2020-12-16
ศัพท์ น่าสับสน ชุด R – Rapport & report
แนะนำการใช้ ตามที่ส่วนใหญ่ใช้ แต่ละท้องถิ่น
ความหมาย อาจผันแปร ตาม ตำแหน่ง/หน้าที่ ในประโยค
Dictionary.com
ออกเสียง Rapport = ‘ra-PAWR/POHR’
ออกเสียง Report = ‘ri-PAWRT’
Merriam-Webster Dictionary
report and rapport
Did You Know?
Report comes from the French verb reporter and
rapport comes from the French rapporter.
Both verbs mean "to bring back"
and can be traced back to the Latin verb portare,
meaning "to carry."
Rapporter also has the additional sense of "to report,"
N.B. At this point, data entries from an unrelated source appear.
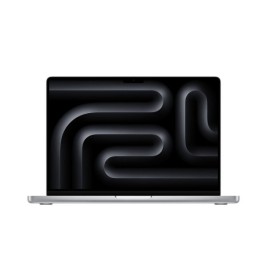 Лаптоп Apple MR7K3Y/A 14,2
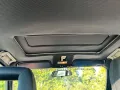 Audi 90 2,3E Quattro B3 kein B4 B5 A4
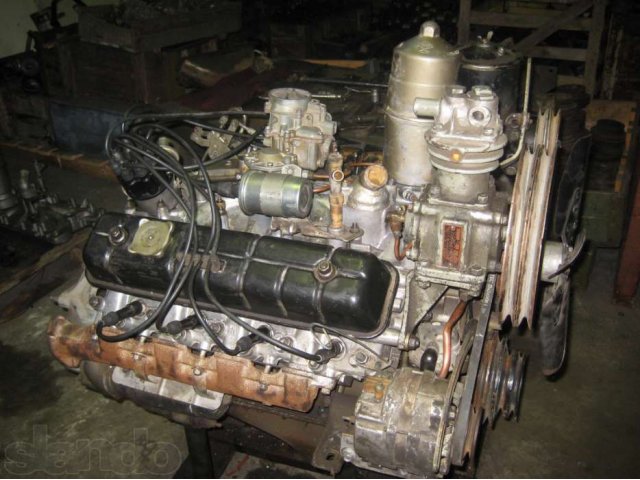 Двигатель змз паз. Двигатель ГАЗ 66. ПАЗ двигатель ЗМЗ. ЗМЗ 66. Двигатель от ПАЗ на ГАЗ 66.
which influenced the original English meaning of rapport
("an act or instance of reporting").
That sense of rapport dropped out of regular use
by the end of the 19th century.
Merriam-Webster Dictionary
Usage Notes
‘Rapport’ vs. ‘Report’
An easygoing, detailed account
The noun rapport means “a friendly, harmonious relationship,”
especially one “characterized by agreement, mutual understanding, or empathy that makes communication possible or easy.”
Both 'report' and 'rapport'ultimately derive
from the Latin verb 'portare,' meaning “to carry.”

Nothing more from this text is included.